Having moved from her native Wales to London, via Manchester, Owens developed her eclectic musical tastes and production skills while working in record stores, including Rough Trade and Pure Groove where she met Daniel Avery. It was Avery, along with fellow colleague and producer Ghost Culture, who showed Owens the production ropes, leading to her vocal feature on Avery’s track ‘Knowing We’ll Be Here’, taken from his acclaimed 2013 release ‘Drone Logic’. Since then, Owens has been fine-tuning her sound and expanding her sonic palette, releasing the ‘Oleic’ EP last year on the Norwegian label, Smalltown Supersound, and this month dropping her debut full-length ‘Kelly Lee Owens’.
The clarity of Owens’ falsetto is immediately apparent from opening track ‘S.O’, as well as her inventive use of sound to generate atmosphere and emotion. Her minimal lyrics float effortlessly over the bent bass frequencies of a tabla, while electro synths pierce and reverberate around the chorus to ultimately fade into what sounds like rain and a galloping heartbeat.
This combination of the natural and synthetic/electronic runs throughout the record, consistently balancing an analogue softness with the pleasingly harsh thump of a kick drum or distorted reverb of a synth, creating ambiguity as to the origins of the wide range of sounds displayed on the record. On the following track, ‘Arthur’, an homage to Arthur Russell, Owens manipulates her own voice to this effect. Using her breath and vocal as an instrument to create a melodic soundscape, rather than communicate lyrics, she adds a soothing high-end to the rumbling bass-frequencies that mirror ‘S.O’ throughout.
The majority of the record is refreshingly downtempo, lulling the listener into Owens’ meditative sound-baths on the opening of tracks like ‘Bird’ and ‘Lucid’. It’s this capacity to evoke the feeling of waking from a dream that Owens is so adept at putting to music, her ethereal vocal delivery a consistent presence whilst her rhythms build to an unexpected and satisfying crescendo. In the more straight-forwardly up-tempo tracks such as ‘Evolution’ and ‘C.B.M’, Daniel Avery’s influence on Owens’ sound can be clearly felt in the acid stabs and rumbling basslines, bringing to mind his own productions ‘Water Jump’ and ‘Free Floating’. These similarities could seem plagiaristic to some, yet Owens comes into her own as she adds the potential for comfort amongst the inky hues of her production, whereas Avery’s tracks remain hardened and austere.
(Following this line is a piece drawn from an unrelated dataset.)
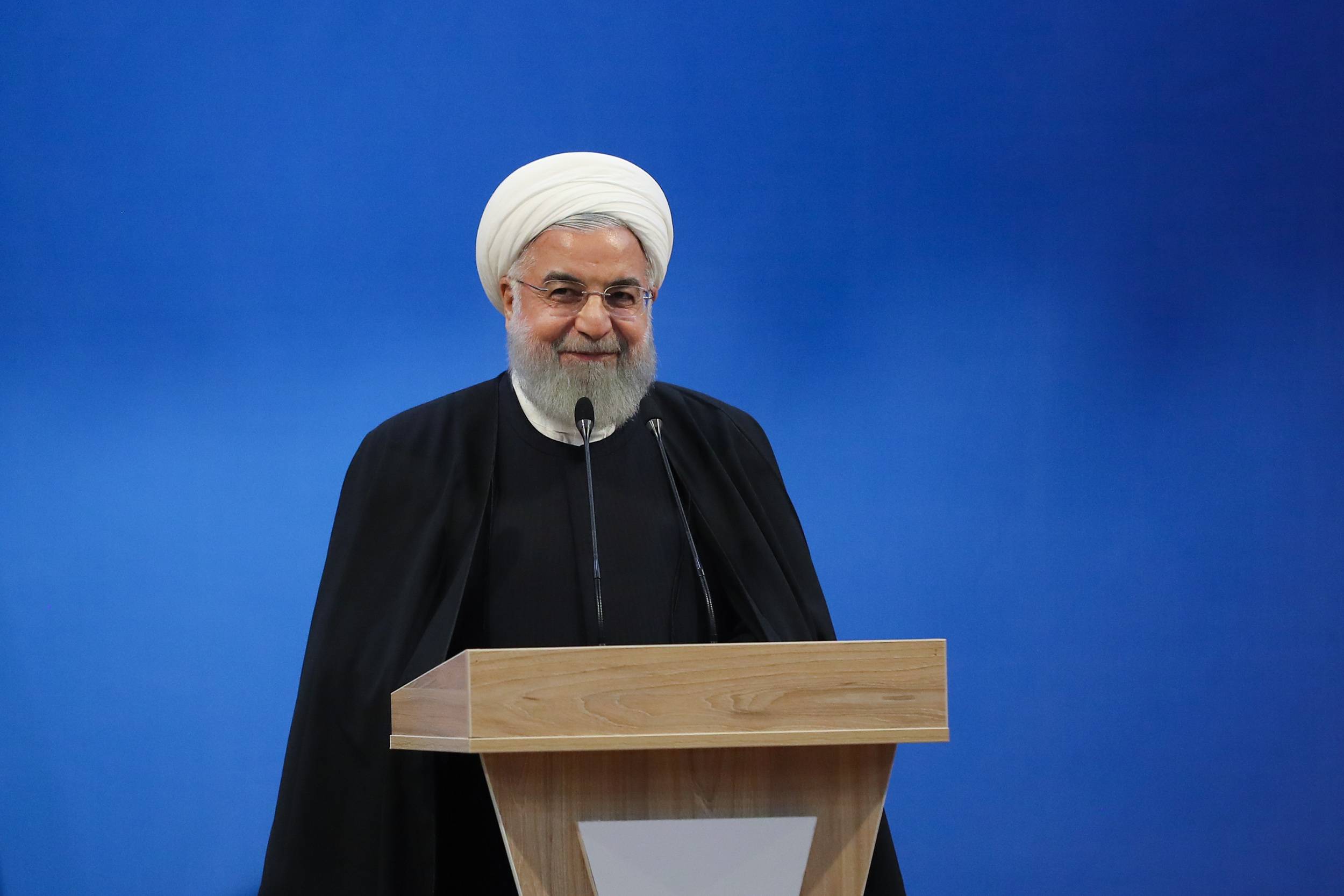 حسن روحانی: اگر مردم را از صندوق رای مایوس کردید یعنی آنها را به خیابان می‌رانید/ تلفنی، پیشهاداتی به رهبری داده‌ام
Final tracks ‘Keep Walking’ and ‘8’ are a gentle dissolution of the record’s sound-palette into the droning atmospherics of sitars, breathy falsettos and sub-frequencies. Owens’ attraction to the emotive potential of sound is a theme that perhaps runs up against the Daniel Avery influences on the record, yet she has still produced a debut that is full of depth and one that exposes the scope of electronic music beyond just the club.